** Aim of the exercise **
Using the data below, reproduce exactly the lines from the line with "2 Bedroom Flat" to the line with "Apartment The Embassy", both included; pictures must be dropped.

** Input records follows **

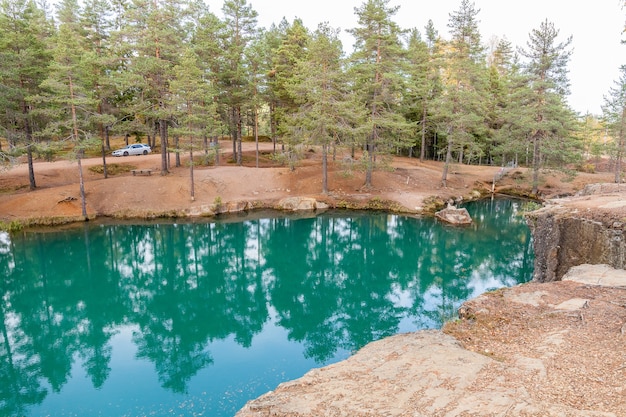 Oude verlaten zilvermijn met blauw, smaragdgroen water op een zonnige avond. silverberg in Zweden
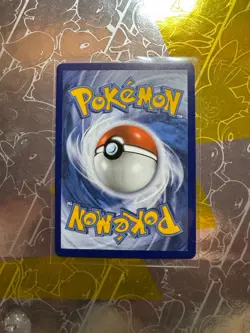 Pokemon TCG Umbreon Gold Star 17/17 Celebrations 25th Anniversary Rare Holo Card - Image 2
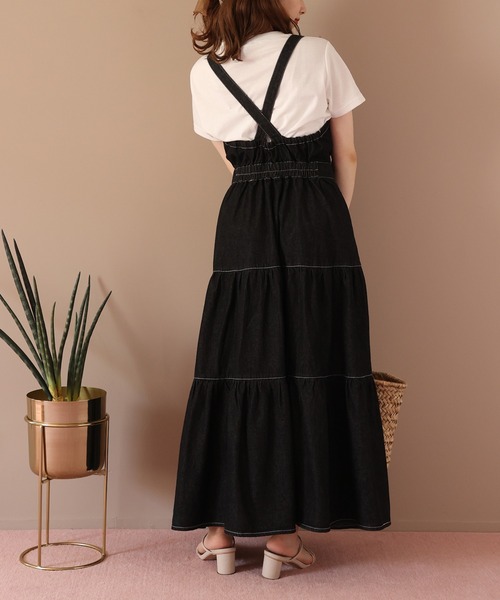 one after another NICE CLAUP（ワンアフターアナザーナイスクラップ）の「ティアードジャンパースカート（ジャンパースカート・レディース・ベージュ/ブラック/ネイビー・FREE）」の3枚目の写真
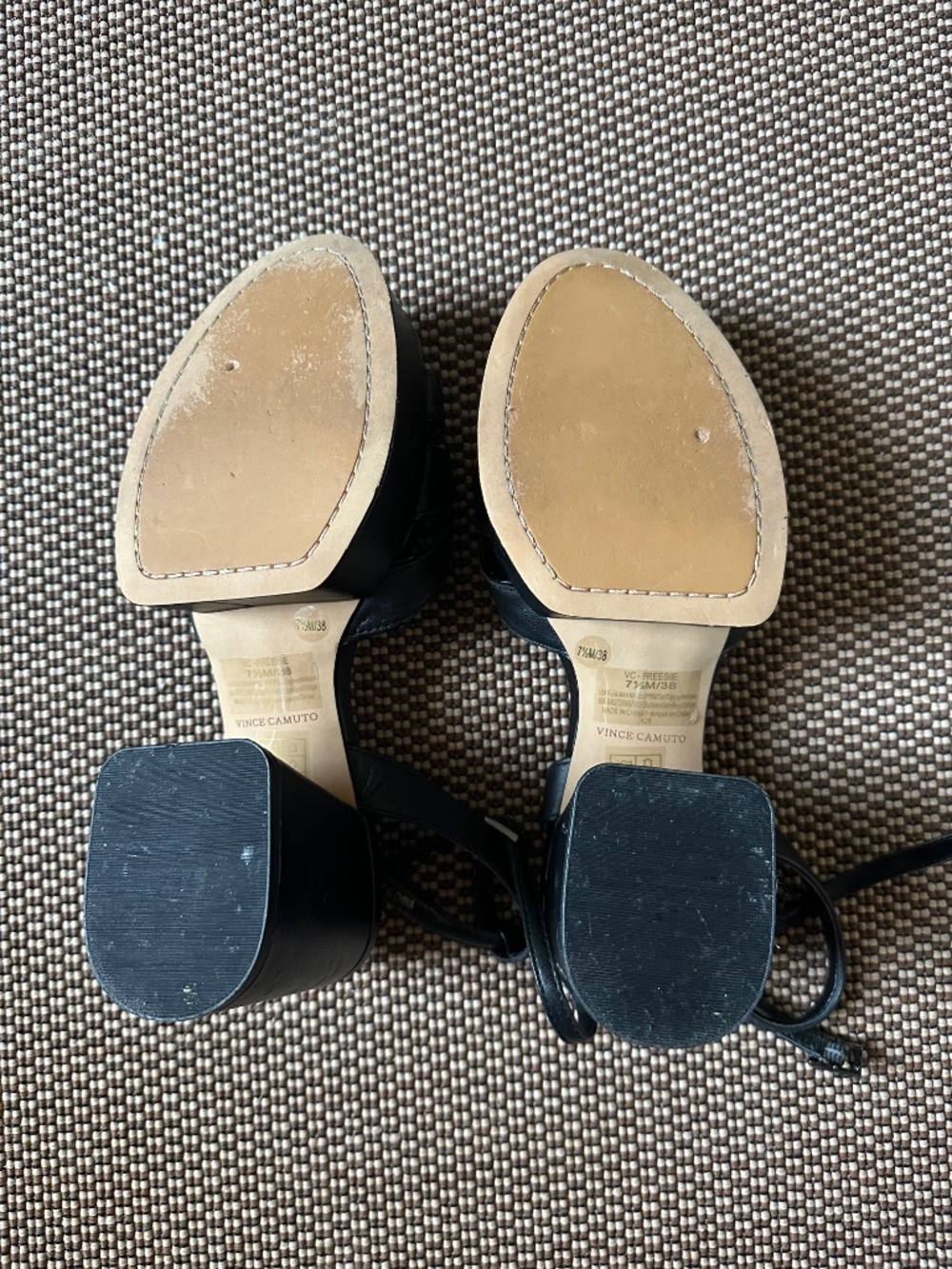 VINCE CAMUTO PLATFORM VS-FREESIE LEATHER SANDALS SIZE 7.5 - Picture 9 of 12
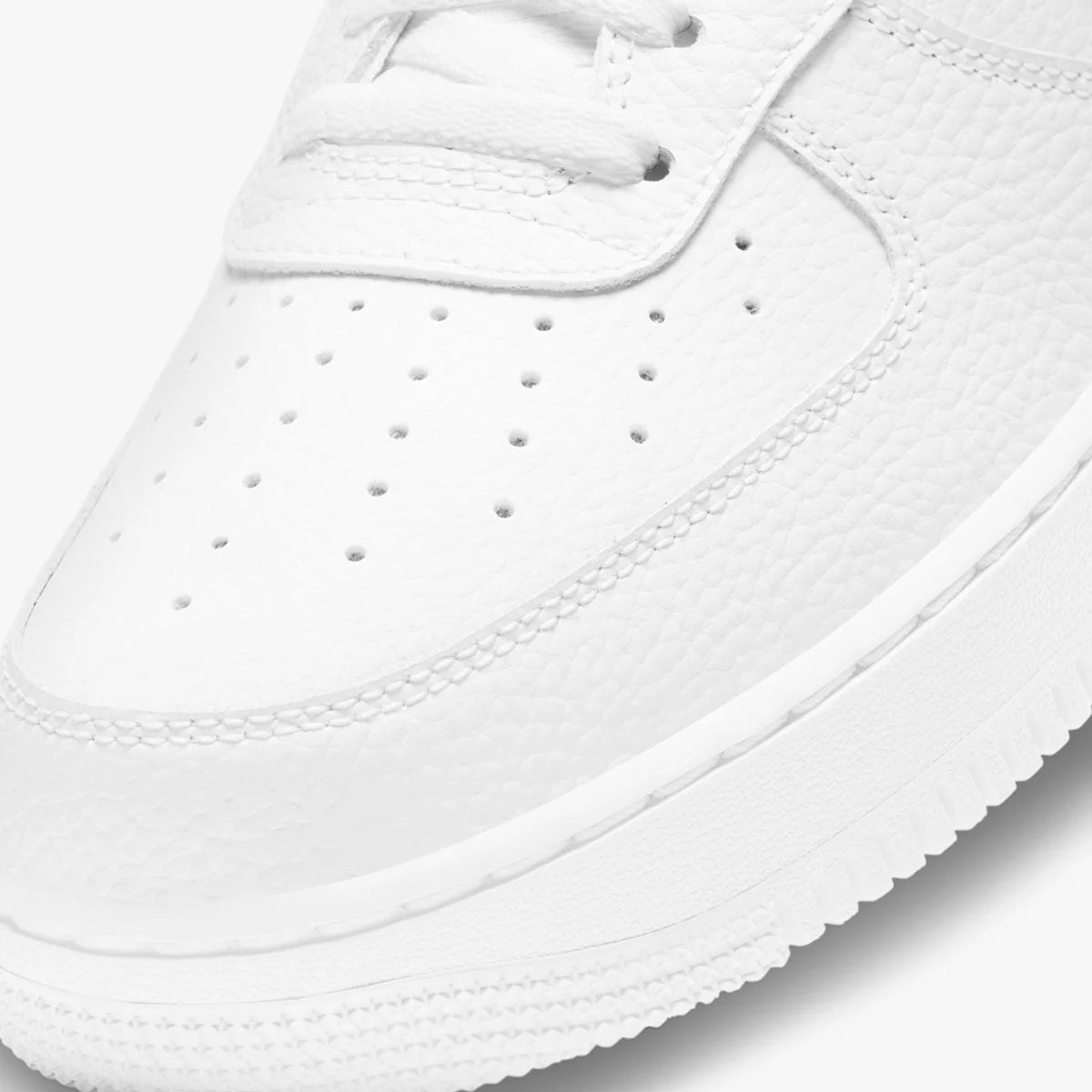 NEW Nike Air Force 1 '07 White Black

** End of Input records **
** Input records follows **

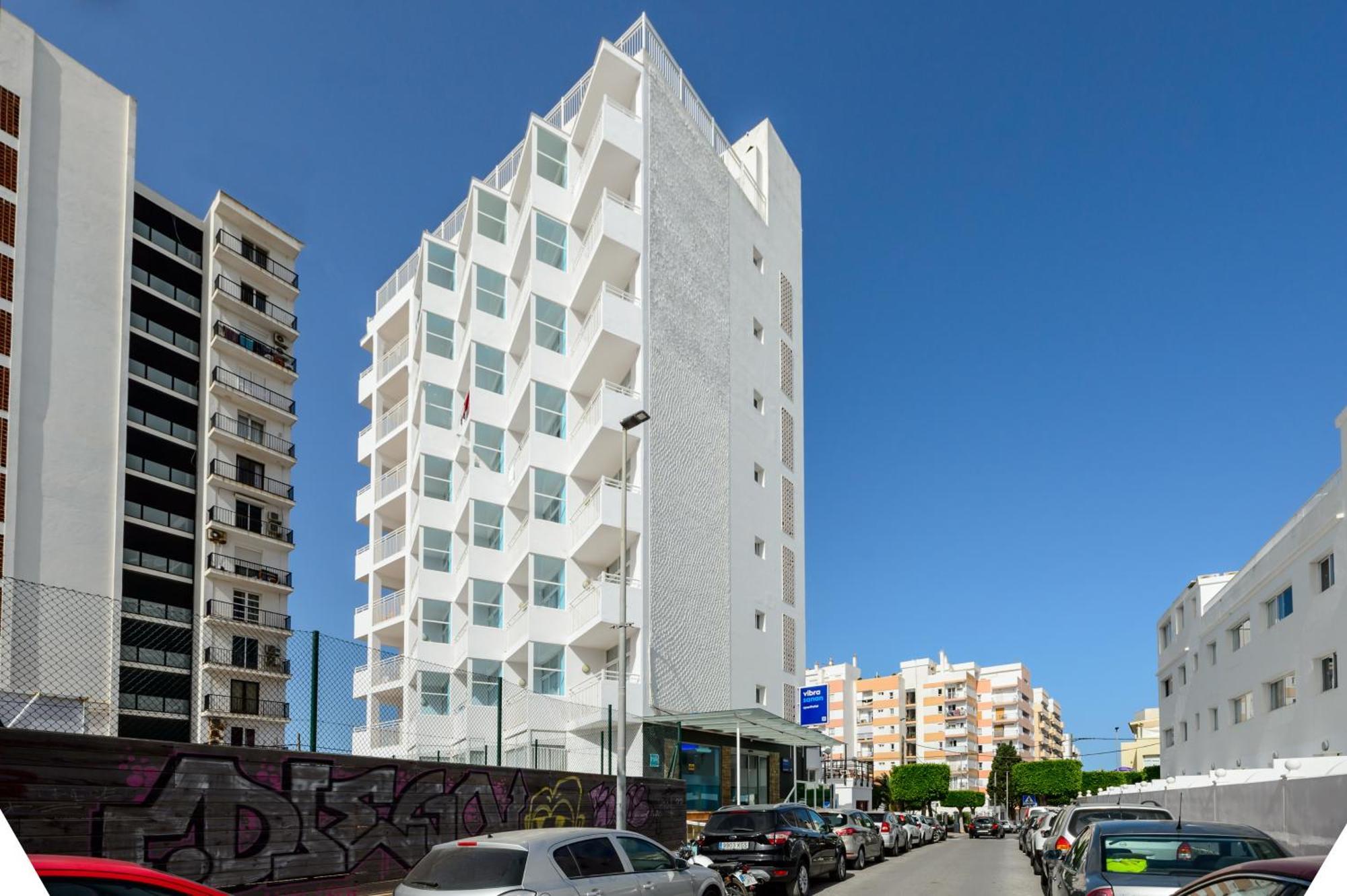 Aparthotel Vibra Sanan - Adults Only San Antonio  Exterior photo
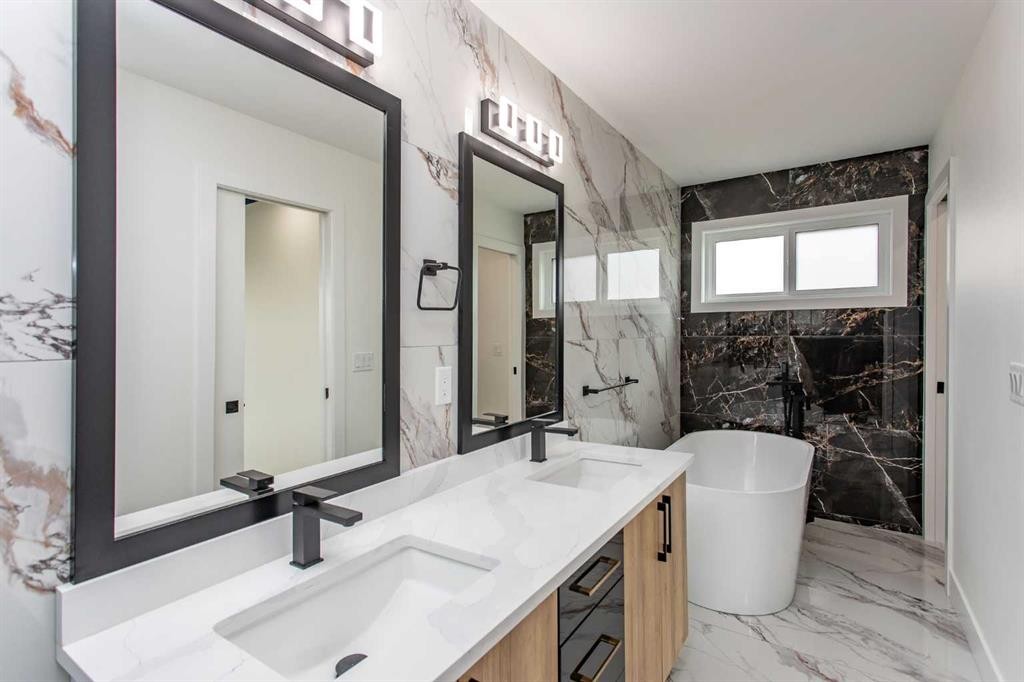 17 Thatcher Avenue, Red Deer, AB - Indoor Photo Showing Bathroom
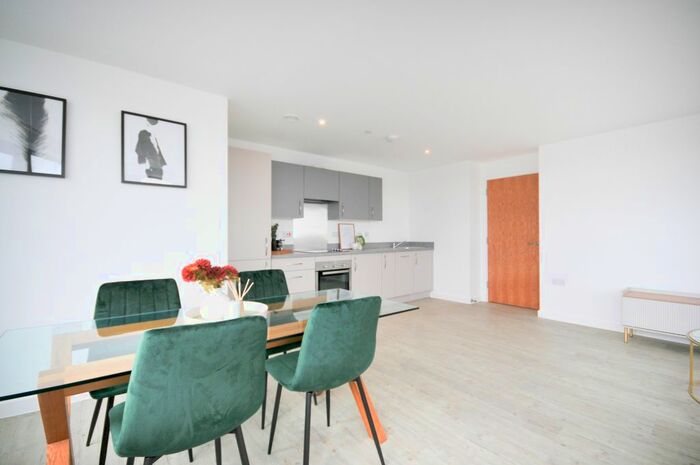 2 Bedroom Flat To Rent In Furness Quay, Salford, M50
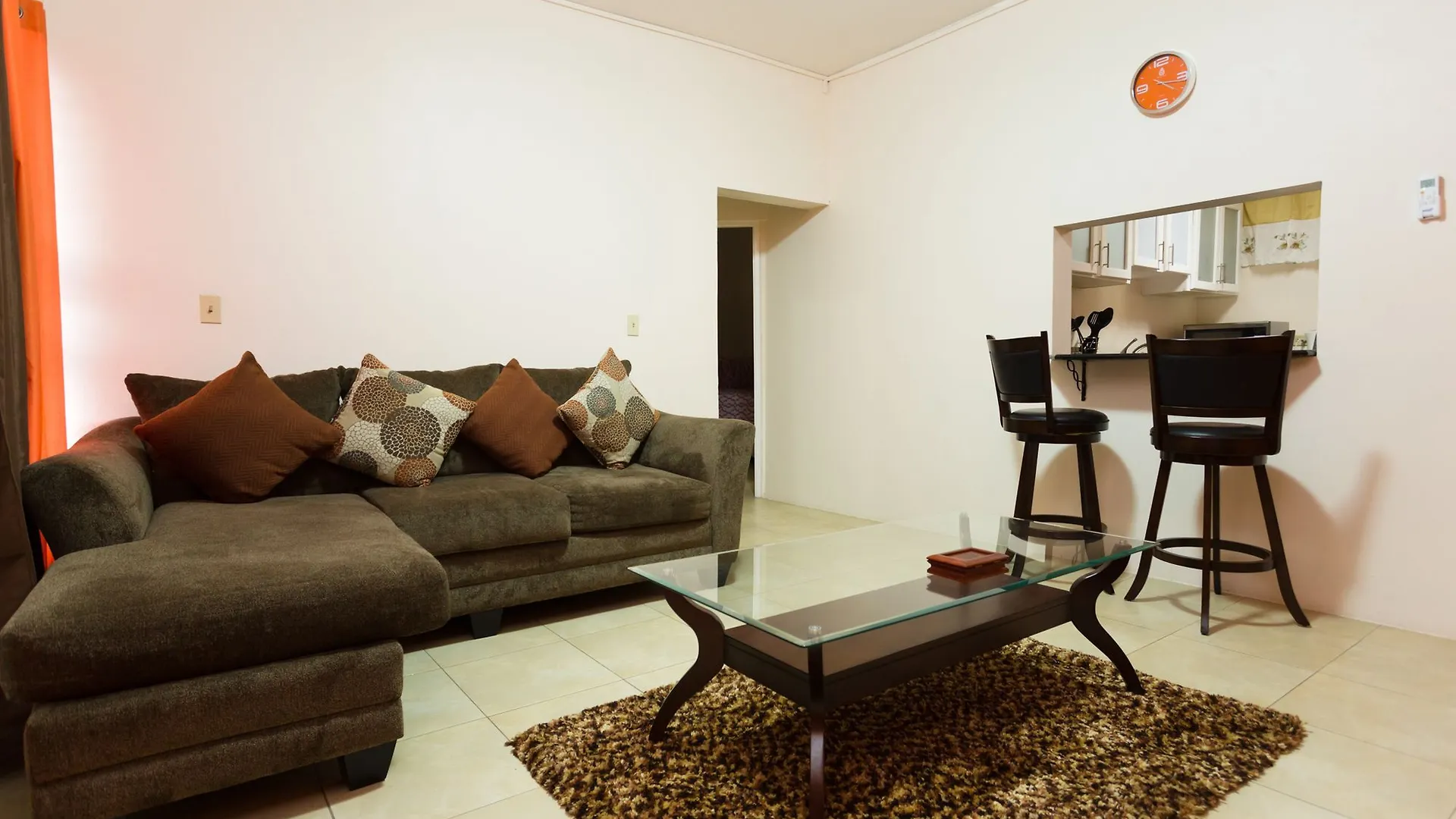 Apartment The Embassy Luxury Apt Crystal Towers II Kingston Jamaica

** End of Input records **
** Input records follows **

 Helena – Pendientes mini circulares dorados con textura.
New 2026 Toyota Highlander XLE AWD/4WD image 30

** End of Input records **

** Response area **
 2 Bedroom Flat To Rent In Furness Quay, Salford, M50
 Apartment The Embassy Luxury Apt Crystal Towers II Kingston Jamaica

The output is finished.